Extract, word for word, each line from the line holding "Disco de lija" through the end of the records. Omit every picture.

GIVEN DATA -
------

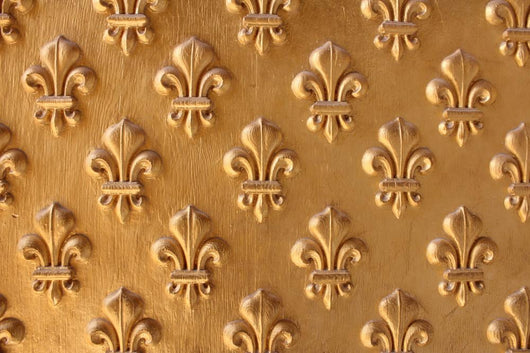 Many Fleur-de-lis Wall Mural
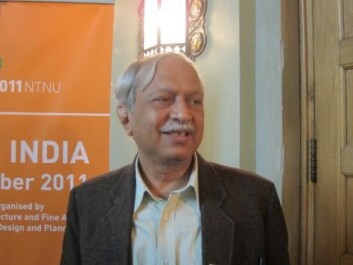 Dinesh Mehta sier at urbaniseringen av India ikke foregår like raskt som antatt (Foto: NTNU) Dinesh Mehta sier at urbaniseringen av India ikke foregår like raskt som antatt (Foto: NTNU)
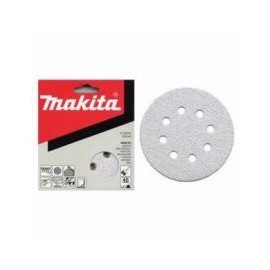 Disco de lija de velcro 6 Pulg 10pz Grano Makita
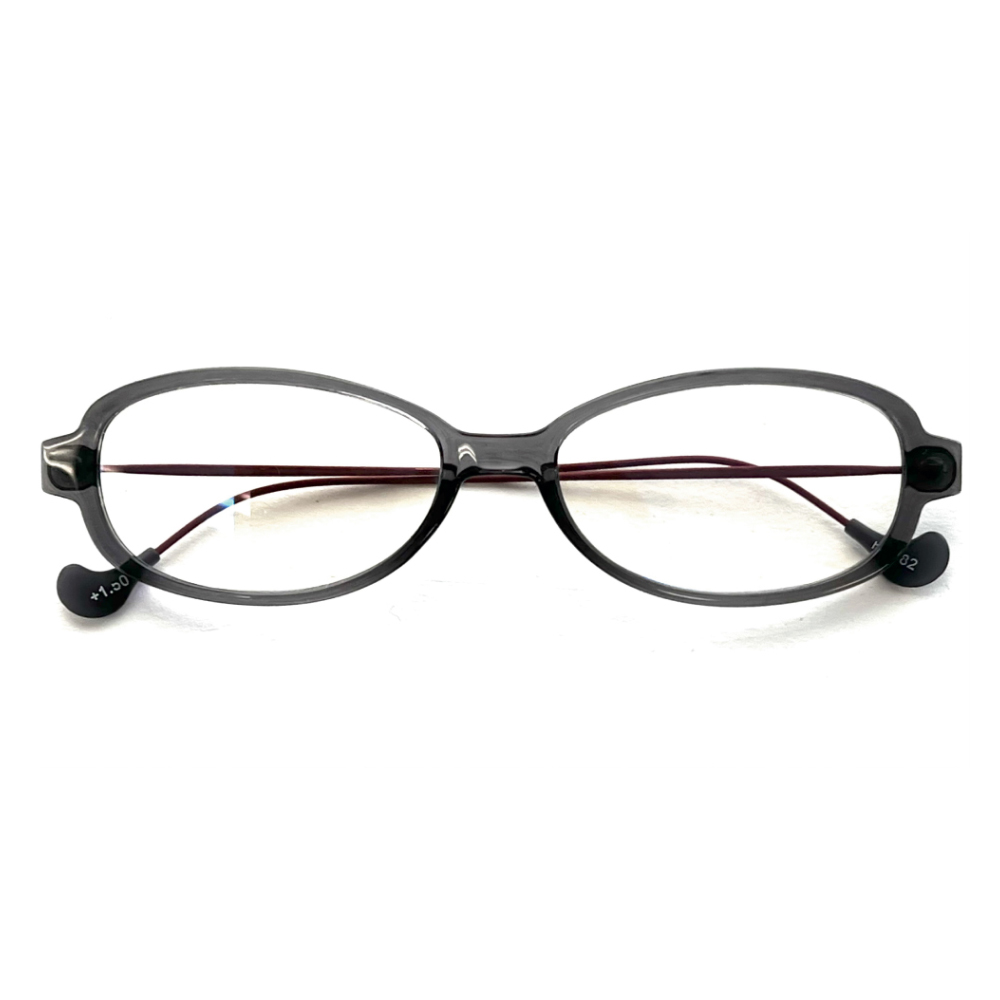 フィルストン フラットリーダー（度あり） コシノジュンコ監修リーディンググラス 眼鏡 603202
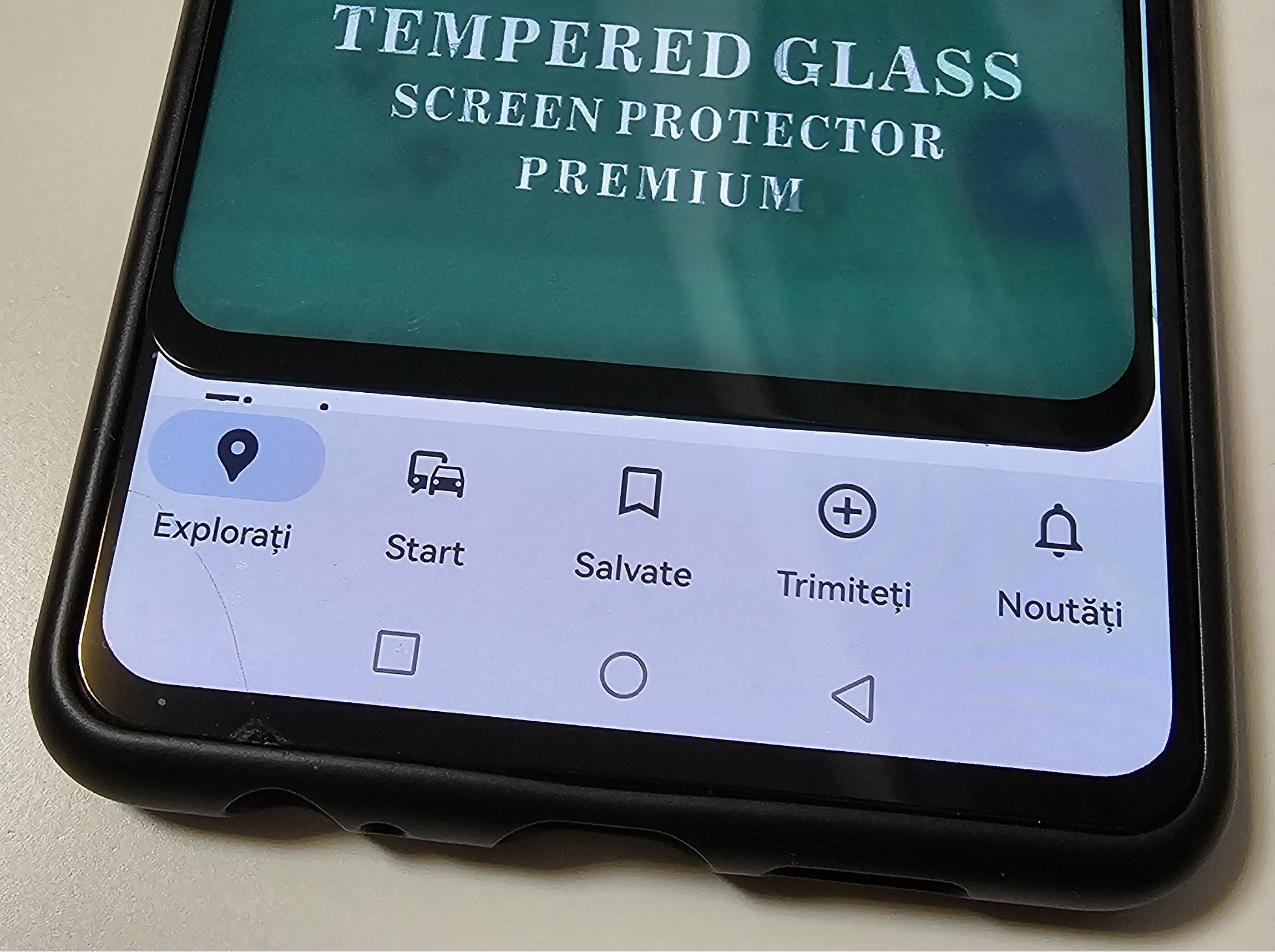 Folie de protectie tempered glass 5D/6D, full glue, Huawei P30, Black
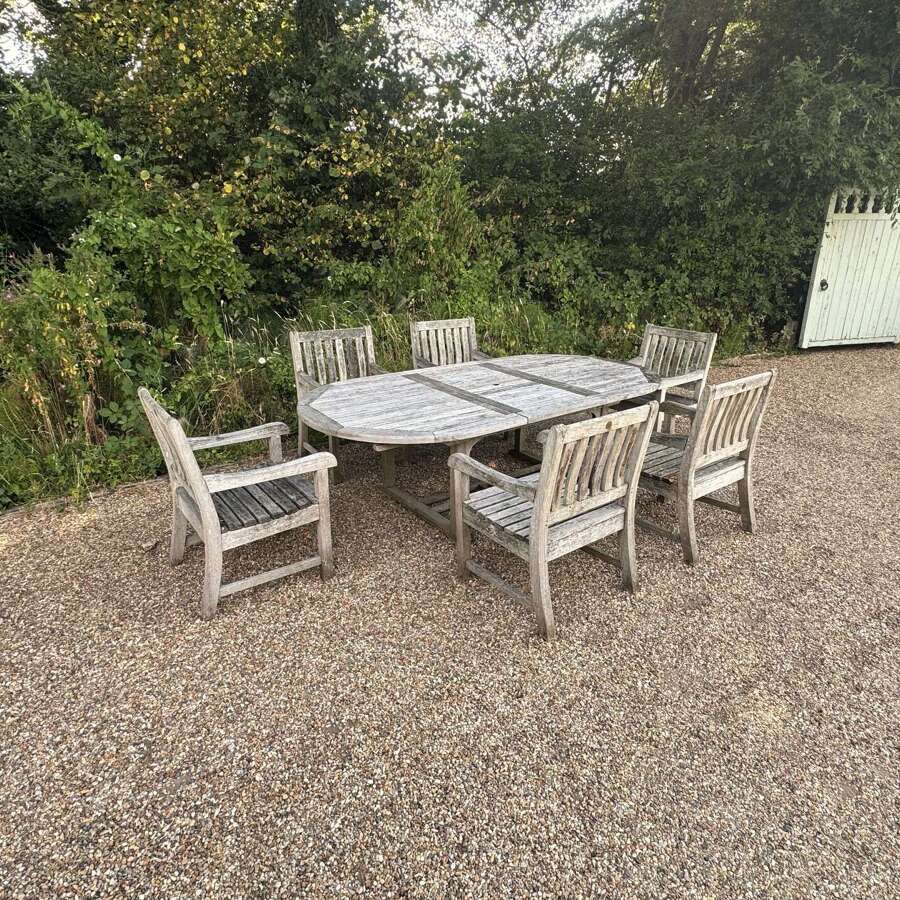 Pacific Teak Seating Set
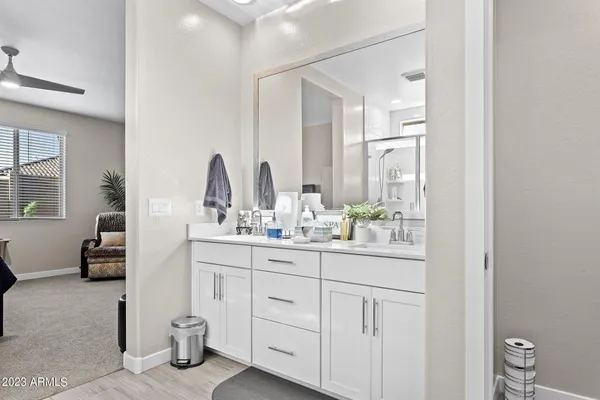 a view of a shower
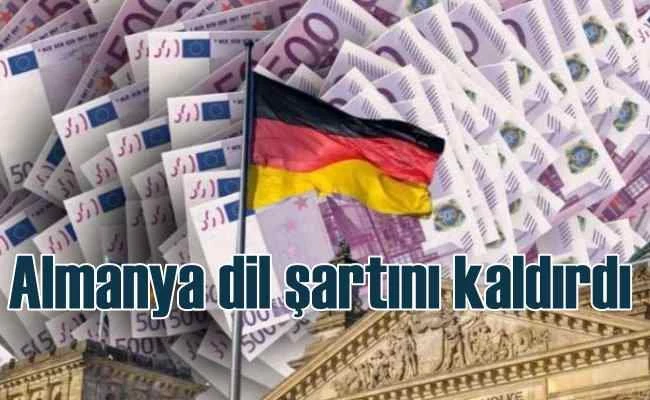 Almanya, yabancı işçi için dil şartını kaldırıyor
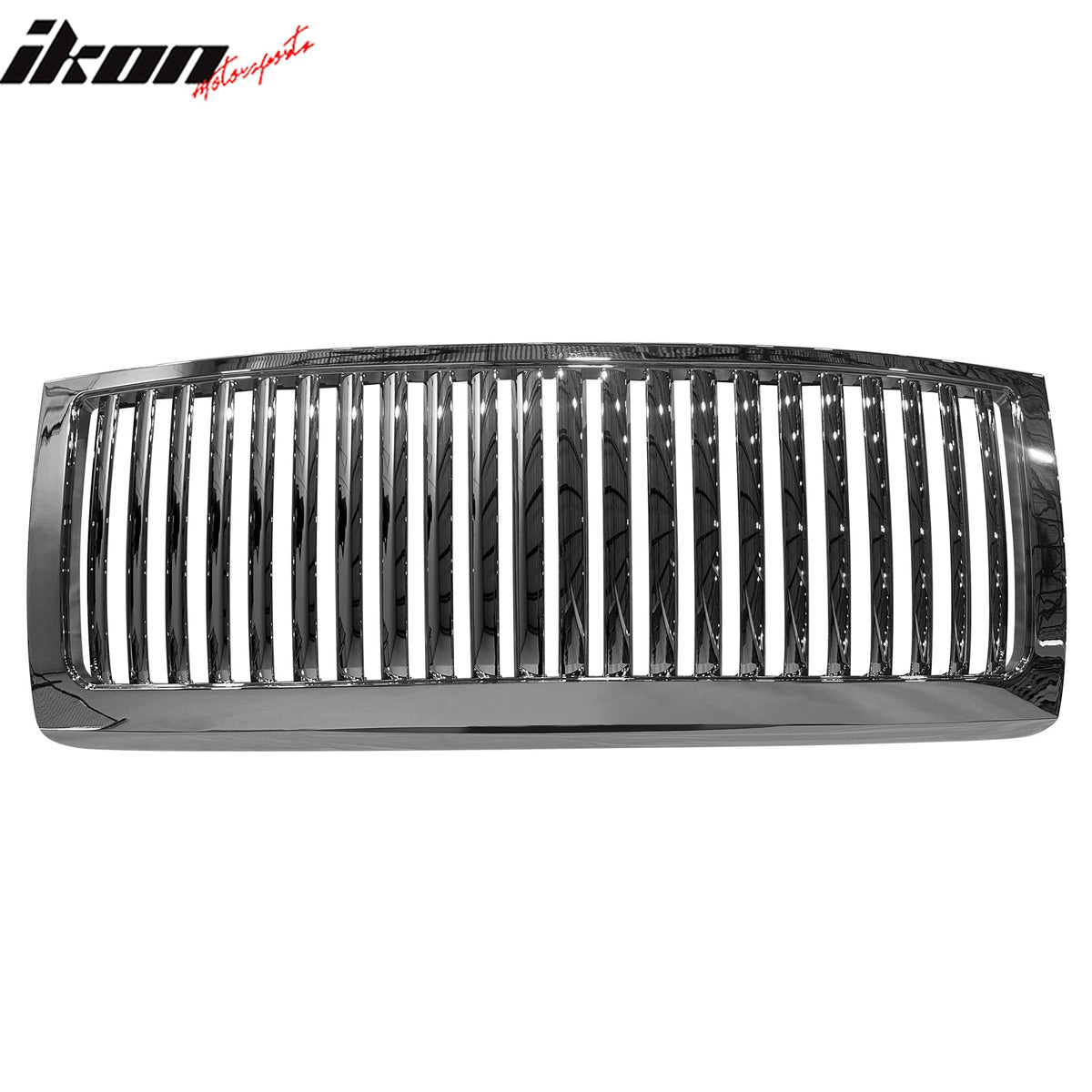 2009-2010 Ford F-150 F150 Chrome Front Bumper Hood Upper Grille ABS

------

RESULT -
 Disco de lija de velcro 6 Pulg 10pz Grano Makita
 フィルストン フラットリーダー（度あり） コシノジュンコ監修リーディンググラス 眼鏡 603202
 Folie de protectie tempered glass 5D/6D, full glue, Huawei P30, Black
 Pacific Teak Seating Set
 a view of a shower
 Almanya, yabancı işçi için dil şartını kaldırıyor
 2009-2010 Ford F-150 F150 Chrome Front Bumper Hood Upper Grille ABS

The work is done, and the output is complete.